Emotions are Illogical

There’s been a lot of angst and tragedy worldwide in the last few months. Some events have been closer to home than others, some have made national news, and others are more immediate and personal.

As I’ve moved on in my life trying to get back to who I was, I have taken more notice about what is occurring around me. The news and social media make it difficult to hear yourself or those around you and life comes down to conflicting sound bites.

I’ve listen to the rhetoric and the hate and the drama of public figures and of my immediate day-to-day world. The phrase of the moment is “drama free zone.”

At first I thought that would be nice, that drama free was a kind of Utopia. It would be great to end the hate and the conflicts and the killing.

It would be nice to get up, interact with other people and be happy and get along. There would be no killing, no arguments, no hate. We would all agree on everything because logic is an unbending unyielding truth of fact – just ask any scientist.
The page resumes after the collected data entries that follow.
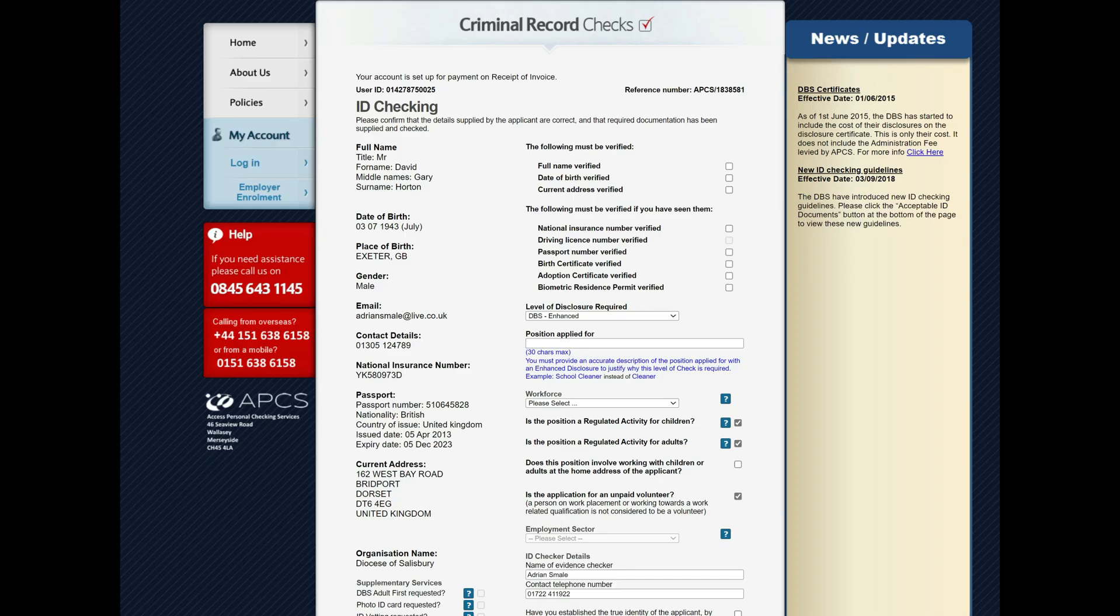When you click on the link, you'll get through to this page. You'll see the ID up here, person's details down here as they recorded it in their DBS application. Taking their documents, you would firstly confirm their name and tick here.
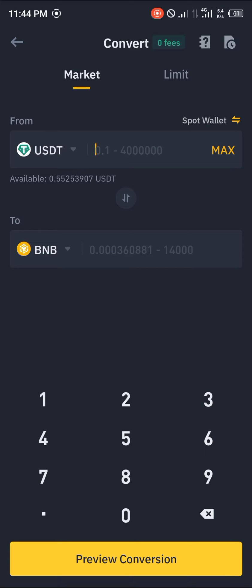Now what you need to take note is that this particular transaction contains no fees at all — there are no fees being charged by Binance. This can be done as simply and as easily as possible. You simply click on max so that we're converting everything, and click on preview conversion.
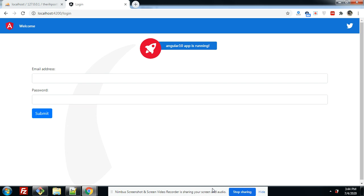In this video I'm going to show you how we can easily authenticate the user on a role basis — meaning the user will access pages according to their user role or user type. My backend is in Laravel and the frontend is in Angular.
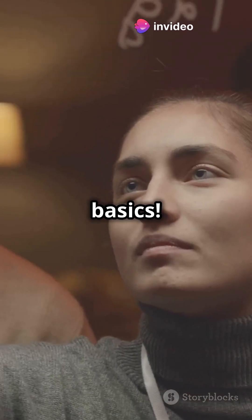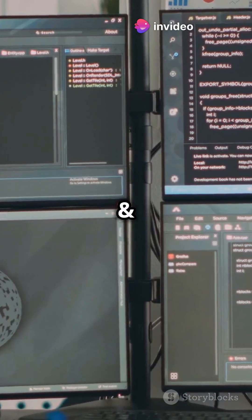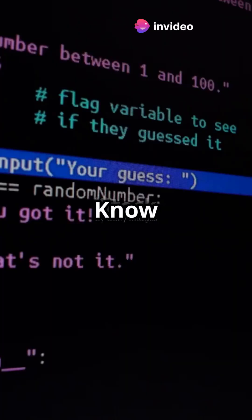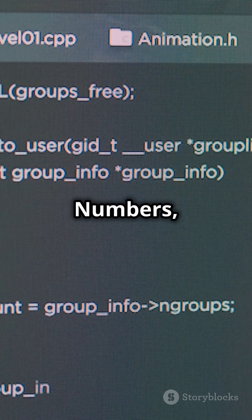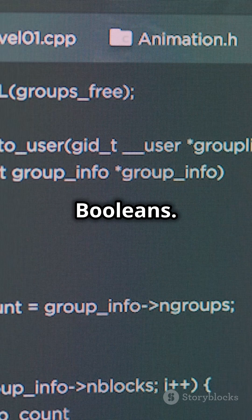First, let's nail the basics. Start with variables and data types. Know your var, let, const, and the essentials like strings, numbers, and booleans.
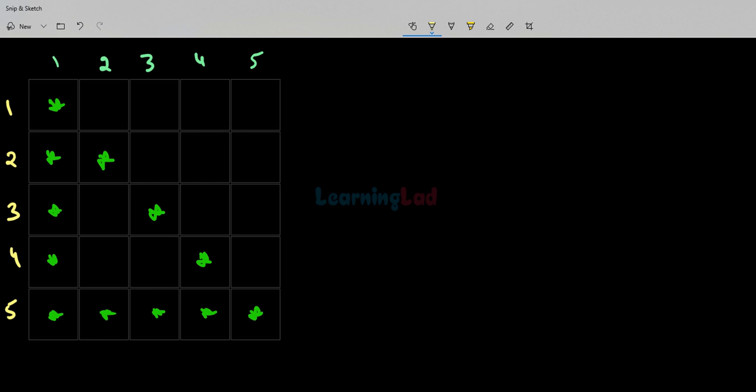Welcome to Learning Lad. In this video we will see how we can write a Python program to display the hollow rectangle triangle pattern.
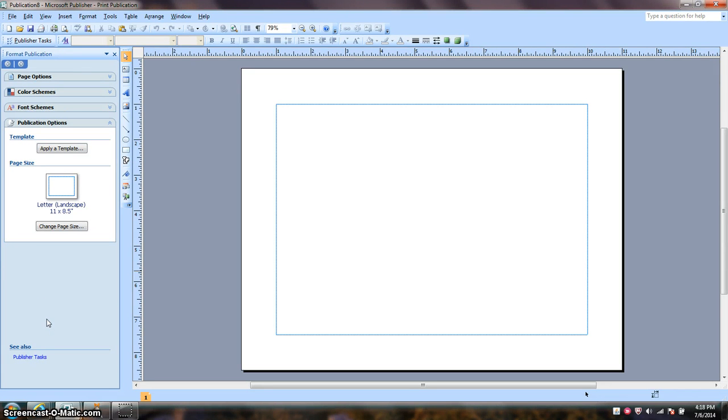Hi, my name is Mamie Stacy and today we're going to do a tutorial on how to make a logo in Microsoft Publisher.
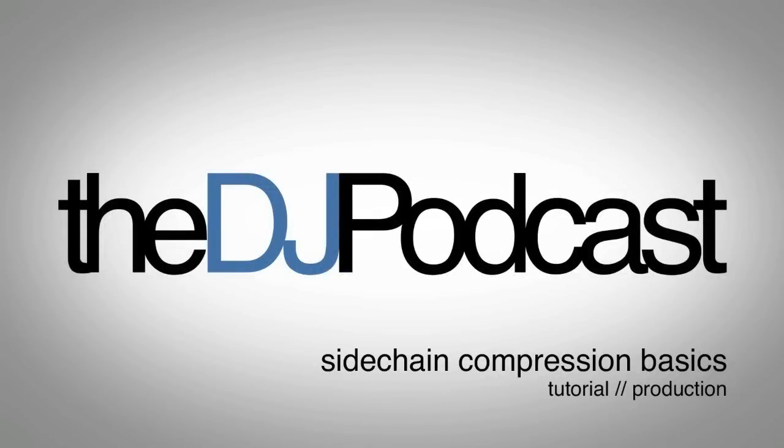Welcome to another episode of the DJ Podcast. In this video tutorial, I'm going to be going over the basics of sidechain compression.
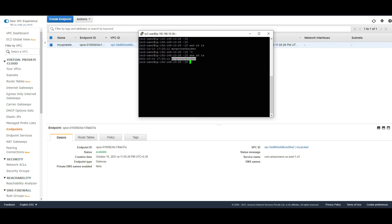So this is how we can create a VPC endpoint using boto3. Hopefully this video helps you understand how to create a VPC endpoint. In our next video we'll come up with something interesting. Till then, take care and have a great day, bye bye.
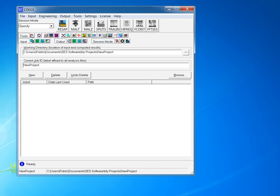The second one is SESCAD, which is used for modeling grounding grid and the conductors that we're going to use, and also the fault location and the magnitude of the ground fault.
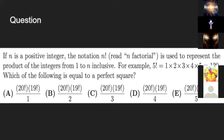Which of the following is equal to a perfect square? A: 20 factorial times 19 factorial divided by 1; B: 20 factorial times 19 factorial divided by 2; C: 20 factorial times 19 factorial divided by 3; D: 20 factorial times 19 factorial divided by 4; or E: 20 factorial times 19 factorial divided by 5.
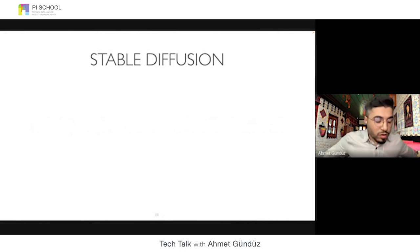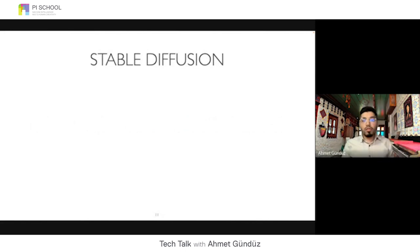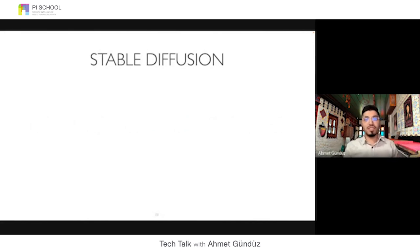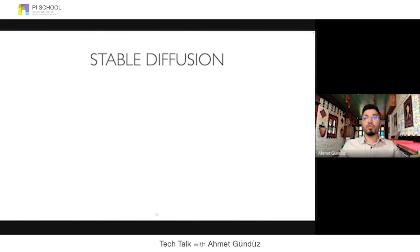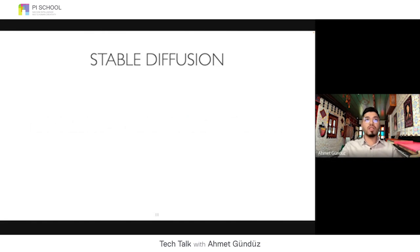So what is Stable Diffusion? There are three components: a variational autoencoder, a UNet (an image-to-image network mostly used in medical imaging), and a text encoder to understand the prompts. Now I'll go into the slides and continue from there.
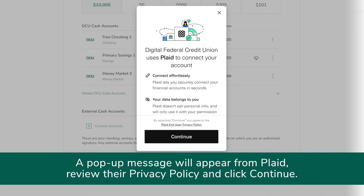A pop-up message will appear from Plaid. Review their privacy policy and click Continue.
Energy is matter and matter cannot be created or destroyed: Fact. E = mc2 : Fact. The sky is blue: fact. Logic is emotionless: just ask Data from Start Trek.

Drama Free Zone is not Utopia, it’s not idyllic, and in the end, it’s impossible. Human interaction alone will always prevent this false illusion from occurring.

Emotions are not logical. Logic belongs in the world of movies, built for Artificial Intelligence — and quiet frankly, boring.

Look at all the good books and movies. They have one thing in common: drama and conflict. The one thing that attracts most people in a good story is the build up to the conflict and the one of many ways for resolution.

It’s the story, the conflict which wraps around your emotions that touch us the most. It allows us to find ourselves in the atoms which make us up;from pure happiness, laughter, sadness, and anger.

It is these emotions which make us alive and feel and create like no other living being on the planet. Without these illogical feelings life would be drama free. It would also be boring and stark and lifeless.

I’ve been in places where drama is a daily occurrence, where you don’t know what to expects. It is pure hell on earth and not something I will tolerate again in my life time.

On the other hand, being a hermit (for all my joking) is not a fun place either. Is it drama free? You betchya, but it is also lonely and boring and soul draining.

One cannot grown and thrive in an logical world, interaction is the only way to be you. And it is through a balance of logical emotions that we can be who we are.

Despite all the events of the modern world, emotions will always create drama. It is up to each person how much they are willing to tolerate.